Uma ação mais propositiva do governo federal brasileiro é necessária neste contexto, pois a fronteira é um espaço fértil e um lócus propício para a integração e cooperação das entidades subnacionais, mesmo que a constatação as políticas públicas mostrem o pouco incentivo das entidades subnacionais em potencializar a governança de suas estruturas para o trato internacional. Neste sentido os estudos estatísticos promovidos por vários institutos de pesquisa não verificam que a própria condição fronteiriça é um fator de internacionalização e acabam por afastar essa informação das estatísticas oficiais e puramente burocráticas.
A evolução das fronteiras terrestres brasileiras foi importante para caracterizar o Brasil de hoje. O período colonial que atravessou o Brasil ficou caracterizado pela expansão territorial pós-Tordesilhas, fortemente marcado pelas delimitações (regularização ou legalização) das fronteiras e que, com o início do período republicano (sobretudo na primeira república), os trabalhos de demarcação e vivificação, estabelecidos em grande parte pela arbitragem ou por acordos bilaterais, foram fundamentais. No entanto, o ideal de segurança predominou fortemente durante esse longo período, principalmente relacionado às tensões na região de fronteira com o Paraguai, fator que veio a ser rompido pela construção de relações bilaterais mais cooperativas a partir dos anos 1960, tendo culminado na celebração do acordo bilateral energético em torno de Itaipu.
Ao passar das décadas, passou-se de uma noção de fronteira estrita de segurança nacional a outra de fronteira como segurança e cooperação. Com a nova configuração do Estado brasileiro foi possível vivenciar uma série de inflexões com a criação de políticas públicas voltadas à faixa de fronteira e a criação de estruturas estatais destinadas aos assuntos fronteiriços, como por exemplo, a criação do Ministério da Integração Nacional, que possui como um dos seus pilares a política de desenvolvimento para a faixa de fronteira.
A partir de então, a fronteira se apresenta como um ambiente propício para a integração regional e uma área de oportunidade de desenvolvimento e crescimento para o Brasil, mas ainda faltam ser aplicados os recursos necessários e adequados para o desenvolvimento social e econômico dessas regiões. Mesmo em comparação com outras regiões do país, os orçamentos para as regiões de fronteira indicam resultados ainda modestos, muito aquém da necessária materialidade de ações concretas de infraestrutura ou de aplicação de políticas públicas com resultados efetivos e mensuráveis.
A busca permanente de espaço na agenda nacional é essencial para tirar as políticas fronteiriças de uma agenda institucional de segundo plano, pois os programas de cooperação fortalecem o processo de integração regional e minimizam os problemas sociais e de segurança no âmbito local. Essa realidade cooperativa é reforçada pelo fato de que as políticas governamentais do Brasil para a fronteira, recentemente, tenderam a construir uma noção de fronteira-cooperação e não mais enfocar o sentido de uma fronteira-separação.

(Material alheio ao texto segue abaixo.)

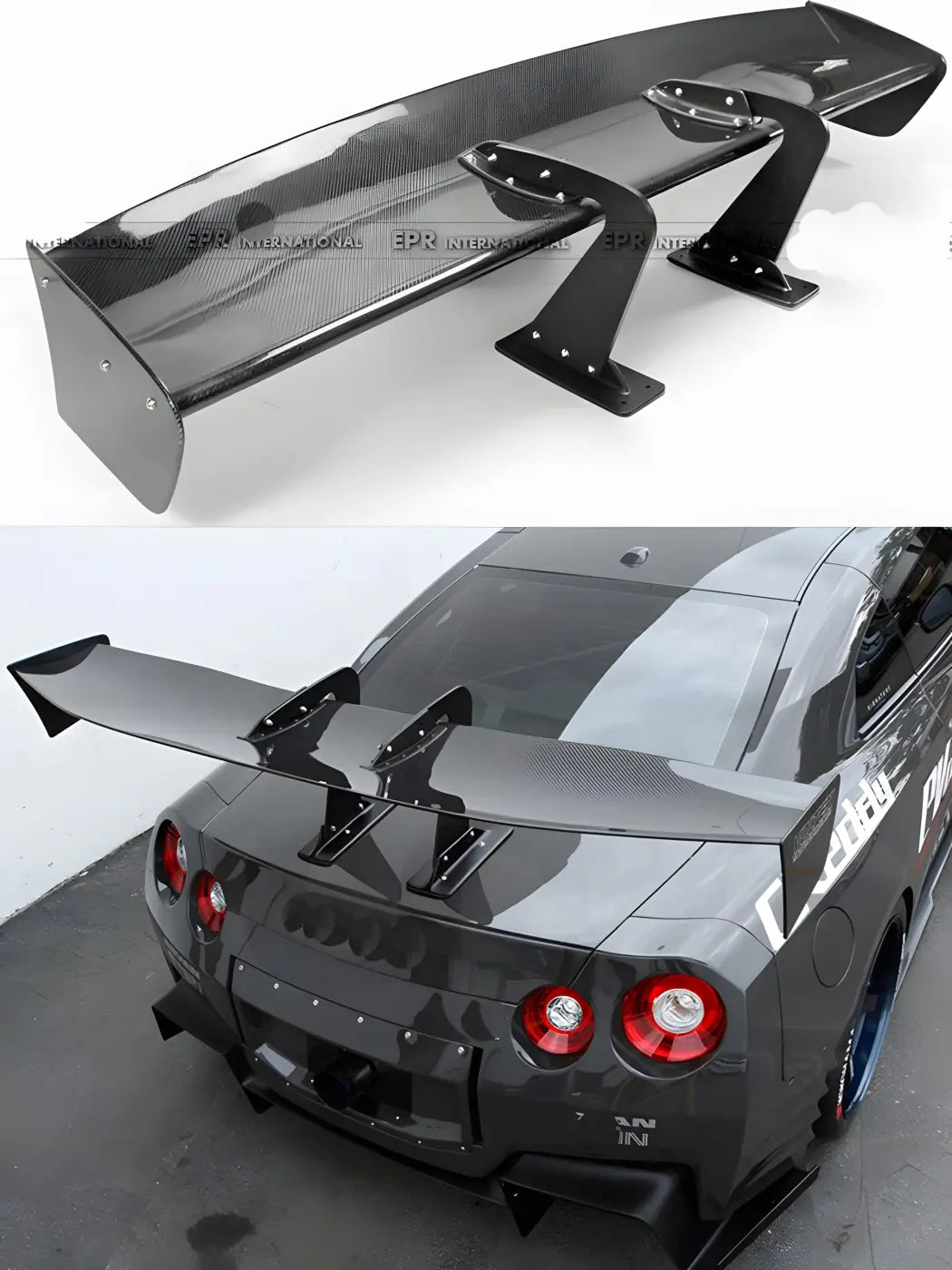 Nissan GT-R R35 V-Style Carbon Fiber Rear Spoiler Wing (2008-2016) Body Kits & Performance 2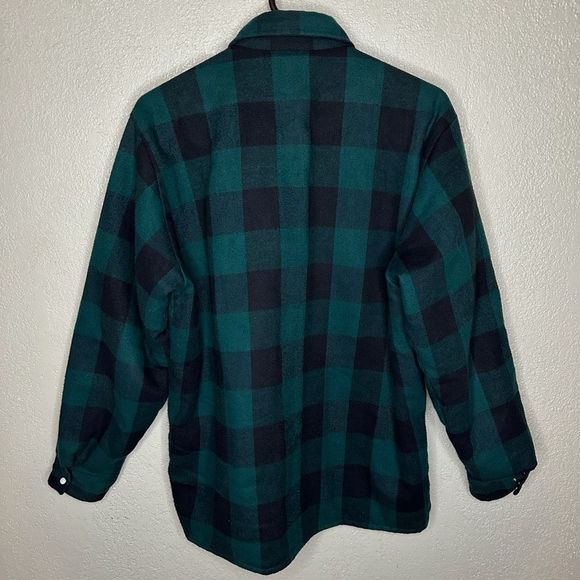VTG USA Saddle King Snap Button Flannel Shirt Size L - Picture 3 of 5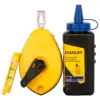 Stanley Chalk Line & Blue Builders Chalk 30m
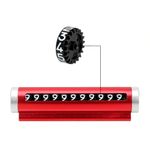 Suport telefon MRG MTH072, Cu odorizant, Cu placuta numar telefon, Rosu fotografia produsului View 2 S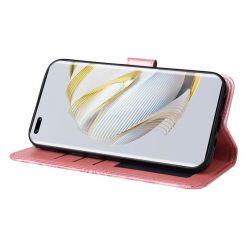Peňaženkové puzdro Embossing Pattern Slnečnica ružové – Huawei Nova 10 | Kryty na mobil Kryty na mobil | Peňaženkové puzdro Embossing Pattern Slnečnica ružové – Huawei Nova 10 | Kryty na mobil
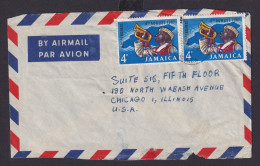 Jamaika Brief MEF Destination Nach Chicago USA 1962 - Giamaica (1962-...)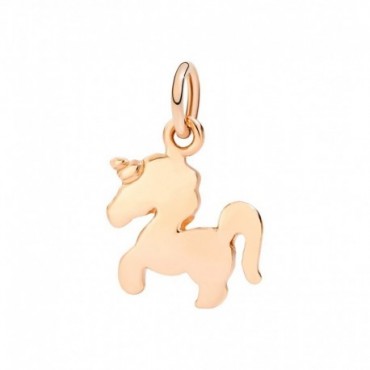 Charm donna DoDo in Oro Rosa Ciondolo Unicorno Sei Magico -  DMLEG/UNI/9/K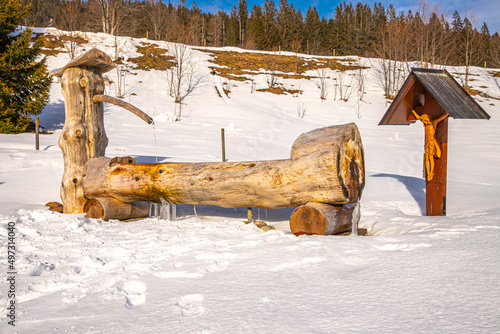 Brunnen am Winterwanderweg bei Todtmoos photo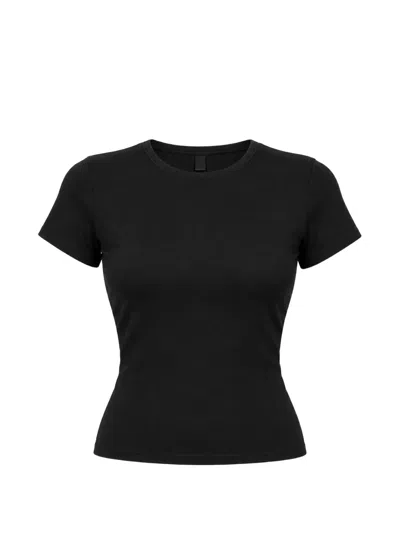St Agni Organic Cotton T-shirt In Black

As entidades subnacionais, em especial as cidades-gêmeas de cidades estrangeiras situadas em linha de fronteira do Brasil, devem agir de forma estratégica no pleito de suas demandas e na formulação de agendas específicas de políticas públicas para a região. As cidades-gêmeas participam ativamente na identificação de um regime simbólico da paradiplomacia e de cooperação descentralizada no ambiente fronteiriço, através de identidades e interesses compartilhados, traduzindo-se em uma cooperação horizontalizada onde a reciprocidade se faz presente. É na fronteira que os interesses e as necessidades dos Estados atingem um nível maior de interdependência, muito embora a visão da cooperação descentralizada e da relação fronteiriça variem contextualmente, de acordo com as dimensões e as escalas econômica, demográfica e de circulação de cada fronteira.
Referência
PRADO, Henrique Sartori de Almeida; ESPÓSITO NETO, Tomaz. Fronteiras e relações internacionais. Curitiba: Íthala, 2015.
Organizadores
Tomaz Espósito Neto – Doutor em Ciências Sociais pela Pontifícia Universidade Católica de São Paulo, professor de Relações Internacionais da Universidade Federal da Grande Dourados e Coordenador da Cátedra Jean Monnet (UFGD).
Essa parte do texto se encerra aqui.